Out with the Old, In with the New
When we moved into our 1926 Sears Kit house, the kitchen was in dire need of an overhaul. Well, the time finally came! I should have been rejoicing, right?
Well, SORT OF! When we moved into that house, the teeny, tiny kitchen had very old cabinets that were made of cheap lumber. They were ugly, the doors and drawers stuck and the whole thing was pretty much an eyesore. A few months after moving in, I painted the cabinets. That was a dramatic, although merely cosmetic improvement. Peel up the paint and you would still find the same cruddy wood, poor design, and misfit doors. It was still an ugly thing with some attractive "make-up" slapped on it. Not the kind of change that would really improve the value of our home (and make it more pleasant to live in!)
Of course, anything worth having usually comes at great expense - whether financially, emotionally, mentally or physically (or some combination of those.) A couple of years after we bought the house, it was time for a kitchen upgrade and we hired a craftsman to create beautiful new hickory cabinets. After the initial excitement and anticipation, it didn't take long before I grew very irritable, impatient and edgy. I was sorely disappointed with my response to this convenience. However, the whole process taught me some very worthwhile lessons.
My daily routine had been disrupted by having the cabinet craftsman in the house pounding, prying, cutting, sanding, nailing and drilling. You get the picture. The old kitchen drawers were stacked up one on top of the other in the dining room and much of what we needed to function from day to day in the kitchen was temporarily located in the basement (at the bottom of some very narrow, rickety old stairs.)

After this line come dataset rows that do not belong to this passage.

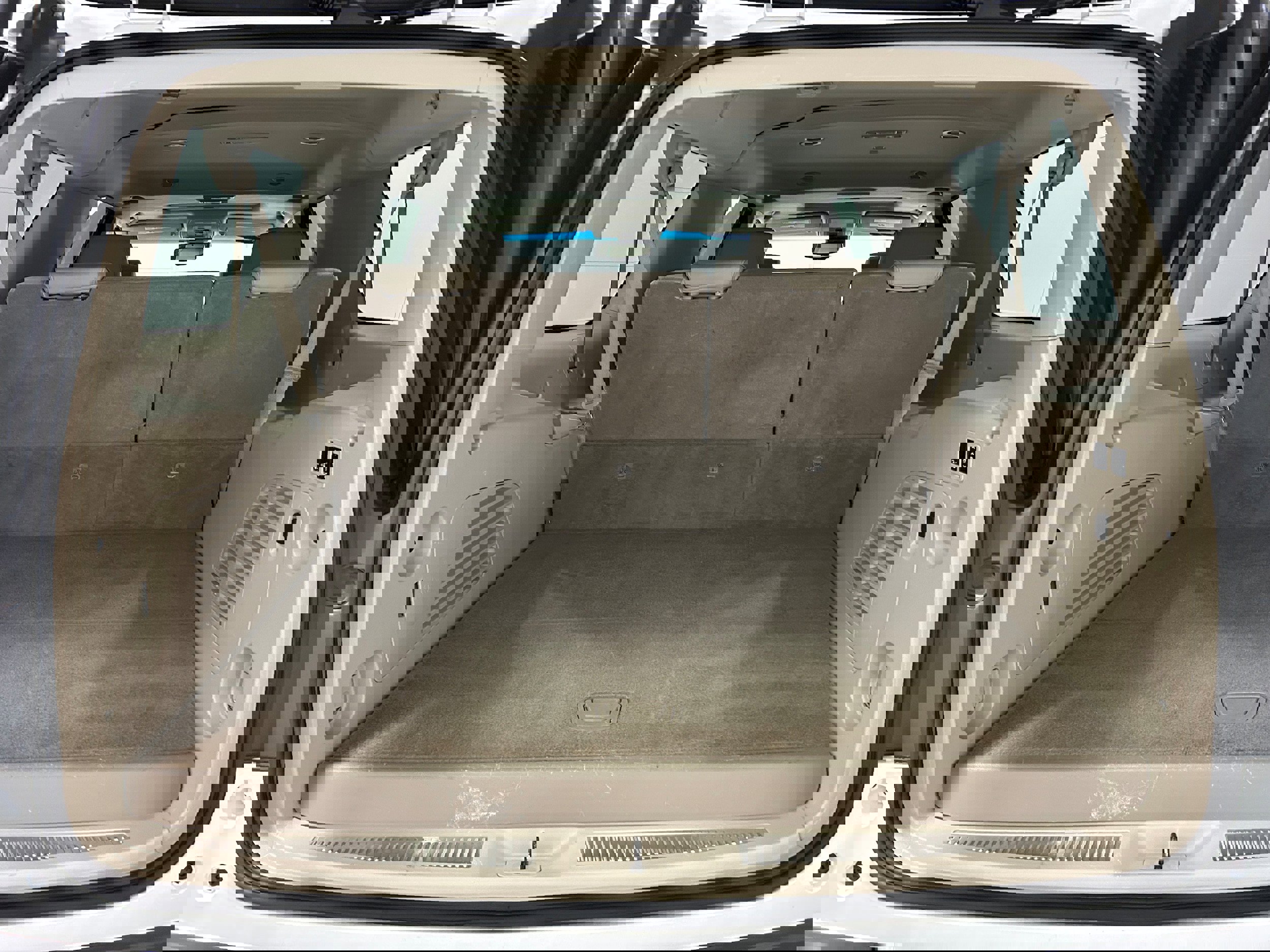 Used 2017 GMC Yukon XL Denali image 35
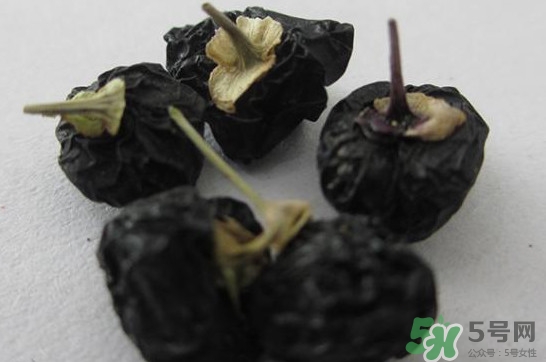 黑枸杞和玫瑰花可以一起泡水喝嗎？玫瑰花黑枸杞泡著喝有什么功效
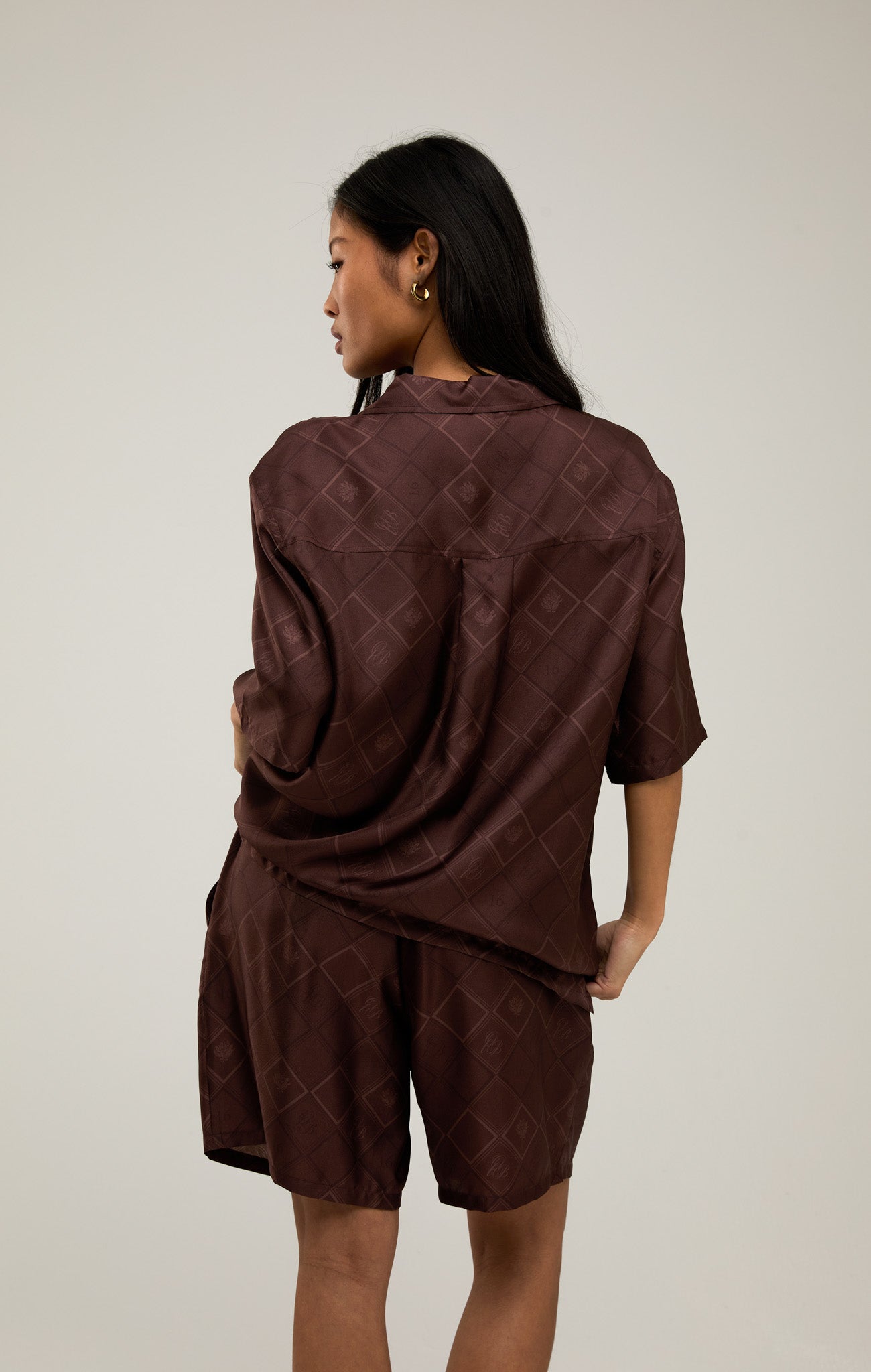 Verblasendes Monogramm -Seidenhemd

So, the question was - would the end result be worth the pain, suffering and expense?
That's the question I frequently ask when my soul, spirit and life are being hammered, drilled, sawed - and I feel like my insides are being ripped out like the old cabinets that were moved outside to adorn the backyard while waiting to be removed to the dump.
Although my gut reaction and natural tendencies during this kind of renovation process are to be irritable and grumpy, I am able to CHOOSE a different response by reminding myself of the ultimate outcome. By focusing on the end result, it makes the entire improvement process more bearable, and dare I say it - even enjoyable!
It's a perfect analogy to my life when I submit it to the hands of The Master Craftsman. What I gave Him originally was an ugly, malfunctioning, misfit life. Through His grace and tenderness, He wants to create an artistic masterpiece in me. The end result can be a totally transformed person - from the foundation up. I can continue to just be an old kitchen cabinet with some paint slapped on it - OR I can allow Him to remake me into the thing of beauty that only He could envision and then bring to pass.
You know, it would have been very convenient to take a 6 month vacation during that time... leaving before the kitchen work started and returning to a new shining, completed work of art. Yes, that sounds pretty good - at first. But, having gone through the day in and day out of the process and being a participant in the transformation, I can honestly say that I appreciated that kitchen that much more!
So when you enter into a new phase of "renovation" in your life, don't retreat or fight against it. Become a participant and choose your responses carefully by focusing on The Master Craftsman, trusting that His vision for you will exceed anything you could possibly ask or imagine!